Economic recovery slow in Parma Heights, critics growing

Economic recovery slow in Parma Heights, critics growing
Parma Heights (Source: WOIO)
Parma Heights (Source: WOIO)

PARMA HEIGHTS, OH (WOIO) - It is a site that at one time was a ray of hope for Parma Heights, the site of the former Church in the Woods.

The site has been sold and the woods cut down to make way for a Senior Care center.

What is frustrating to neighbors is the fact that the trees have remained stacked up on the site since April. The site has become a rallying point for critics of the city and nearby residents who call it unsightly.

Mayor Michael Byrne says the delay isn't because of a lack of action, the trees had to be cut early to avoid EPA problems concerning Indiana brown bats. A similar concern delayed the start of work on the American Greetings site in Westlake a few years ago.

Byrne is keenly aware of his critics saying, "We're trying to do as many things as we can to make sure we keep as many people as possible happy."

For example the footprint of the project was moved away from a creek and homes nearby, groundbreaking on what will be known as Randall Residences is currently set for September.

But other challenges remain. Pearl Road is a vibrant artery through the city, but not as vibrant as it once was. Plaza after plaza has vacant storefronts.
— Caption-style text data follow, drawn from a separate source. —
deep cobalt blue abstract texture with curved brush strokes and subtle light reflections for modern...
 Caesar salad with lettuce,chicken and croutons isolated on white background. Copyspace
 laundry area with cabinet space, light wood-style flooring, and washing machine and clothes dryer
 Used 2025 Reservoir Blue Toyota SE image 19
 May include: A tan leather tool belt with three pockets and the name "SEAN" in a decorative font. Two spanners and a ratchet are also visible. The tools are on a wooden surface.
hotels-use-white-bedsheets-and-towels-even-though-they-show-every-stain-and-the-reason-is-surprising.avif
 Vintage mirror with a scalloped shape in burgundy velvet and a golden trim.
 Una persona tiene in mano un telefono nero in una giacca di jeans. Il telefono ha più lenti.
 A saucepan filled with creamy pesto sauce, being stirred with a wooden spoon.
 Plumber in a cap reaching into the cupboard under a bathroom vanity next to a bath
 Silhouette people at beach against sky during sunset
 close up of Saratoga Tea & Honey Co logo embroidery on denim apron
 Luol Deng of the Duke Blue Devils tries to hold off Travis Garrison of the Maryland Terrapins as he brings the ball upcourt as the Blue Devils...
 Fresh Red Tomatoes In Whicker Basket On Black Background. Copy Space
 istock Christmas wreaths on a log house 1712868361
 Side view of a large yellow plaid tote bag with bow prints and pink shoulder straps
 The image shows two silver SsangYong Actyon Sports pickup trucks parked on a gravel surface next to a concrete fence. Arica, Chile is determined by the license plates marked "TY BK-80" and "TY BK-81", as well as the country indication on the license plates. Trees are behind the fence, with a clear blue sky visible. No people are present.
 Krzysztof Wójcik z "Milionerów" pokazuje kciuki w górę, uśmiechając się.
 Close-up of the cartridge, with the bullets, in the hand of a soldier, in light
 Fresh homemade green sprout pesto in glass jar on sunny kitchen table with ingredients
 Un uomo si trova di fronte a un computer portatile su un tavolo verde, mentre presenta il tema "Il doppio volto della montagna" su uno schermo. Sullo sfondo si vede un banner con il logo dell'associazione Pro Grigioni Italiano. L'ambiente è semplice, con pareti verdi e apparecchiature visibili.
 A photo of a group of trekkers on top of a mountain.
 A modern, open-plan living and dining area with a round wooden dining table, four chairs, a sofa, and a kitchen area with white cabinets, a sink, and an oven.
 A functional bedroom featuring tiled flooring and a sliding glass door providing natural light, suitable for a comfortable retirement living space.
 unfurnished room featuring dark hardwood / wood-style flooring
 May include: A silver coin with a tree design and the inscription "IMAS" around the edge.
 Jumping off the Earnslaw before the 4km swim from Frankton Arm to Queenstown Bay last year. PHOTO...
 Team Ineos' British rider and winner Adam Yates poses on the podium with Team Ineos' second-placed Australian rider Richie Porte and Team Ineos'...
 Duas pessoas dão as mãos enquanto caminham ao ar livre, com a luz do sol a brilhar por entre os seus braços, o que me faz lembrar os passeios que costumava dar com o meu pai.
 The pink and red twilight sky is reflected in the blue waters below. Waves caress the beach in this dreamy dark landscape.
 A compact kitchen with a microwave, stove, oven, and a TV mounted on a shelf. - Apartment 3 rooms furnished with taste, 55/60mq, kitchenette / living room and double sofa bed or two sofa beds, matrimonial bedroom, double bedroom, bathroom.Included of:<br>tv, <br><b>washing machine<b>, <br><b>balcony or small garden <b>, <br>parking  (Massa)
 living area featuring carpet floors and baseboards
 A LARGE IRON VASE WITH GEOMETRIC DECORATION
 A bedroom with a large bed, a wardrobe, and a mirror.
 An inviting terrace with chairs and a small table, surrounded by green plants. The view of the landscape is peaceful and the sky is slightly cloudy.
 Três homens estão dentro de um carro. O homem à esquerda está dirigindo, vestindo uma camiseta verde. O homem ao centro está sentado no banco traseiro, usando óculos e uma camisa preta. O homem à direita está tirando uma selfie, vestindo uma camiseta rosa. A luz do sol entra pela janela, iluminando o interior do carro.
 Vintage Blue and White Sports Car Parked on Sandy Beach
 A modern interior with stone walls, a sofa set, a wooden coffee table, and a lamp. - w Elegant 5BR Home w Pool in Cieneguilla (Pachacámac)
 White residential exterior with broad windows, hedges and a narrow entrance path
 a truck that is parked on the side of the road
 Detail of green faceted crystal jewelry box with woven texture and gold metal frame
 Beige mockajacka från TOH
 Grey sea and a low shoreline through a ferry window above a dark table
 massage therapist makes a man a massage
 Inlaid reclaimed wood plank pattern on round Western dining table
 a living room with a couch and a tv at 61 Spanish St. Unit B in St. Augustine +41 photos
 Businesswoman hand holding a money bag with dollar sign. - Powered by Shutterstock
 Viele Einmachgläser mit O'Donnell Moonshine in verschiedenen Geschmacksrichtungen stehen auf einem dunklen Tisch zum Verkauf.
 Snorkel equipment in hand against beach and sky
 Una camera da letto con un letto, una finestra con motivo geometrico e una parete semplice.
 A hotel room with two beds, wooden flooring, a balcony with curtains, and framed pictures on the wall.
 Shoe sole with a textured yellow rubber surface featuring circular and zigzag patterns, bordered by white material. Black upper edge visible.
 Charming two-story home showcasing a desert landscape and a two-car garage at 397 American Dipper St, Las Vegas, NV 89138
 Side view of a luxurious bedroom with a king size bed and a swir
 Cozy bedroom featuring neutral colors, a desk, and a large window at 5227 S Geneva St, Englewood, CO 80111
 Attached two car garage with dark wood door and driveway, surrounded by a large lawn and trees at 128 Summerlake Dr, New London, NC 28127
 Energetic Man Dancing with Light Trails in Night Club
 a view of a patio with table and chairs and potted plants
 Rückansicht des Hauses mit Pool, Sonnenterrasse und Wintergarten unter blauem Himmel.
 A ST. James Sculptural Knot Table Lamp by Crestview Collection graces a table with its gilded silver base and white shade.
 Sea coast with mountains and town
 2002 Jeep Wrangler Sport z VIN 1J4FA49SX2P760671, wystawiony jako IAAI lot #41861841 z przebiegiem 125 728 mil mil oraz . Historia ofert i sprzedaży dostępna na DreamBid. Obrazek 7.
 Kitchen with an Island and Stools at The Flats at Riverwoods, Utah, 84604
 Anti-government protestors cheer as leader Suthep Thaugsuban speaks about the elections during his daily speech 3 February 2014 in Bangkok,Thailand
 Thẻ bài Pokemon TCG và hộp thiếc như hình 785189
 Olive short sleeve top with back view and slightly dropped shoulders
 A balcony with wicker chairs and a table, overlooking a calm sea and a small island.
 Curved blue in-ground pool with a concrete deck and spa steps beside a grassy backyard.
Retailers who remain vibrant elsewhere haven't been able to make it in Parma Heights.

Byrne says there is hope, a nearly vacant plaza recently got a new owner.  "The recession hurt, the cut in the local government fund has really hurt," added Mayor Byrne.

The most glaring reminder of the way the economy has hit Parma Heights is the Cornerstone Project, now a dusty dirty lot.  Mayor Byrne says a new developer is making new progress in attracting a potential tenant.

He notes the larger issue for the city, "We don't have a diverse tax base you know, it's all on the back of our residents and we're trying to provide the best services we can to them, they really, they're really paying the price."

He observes that with an older population and no direct interstate access, it is a big hurdle to overcome.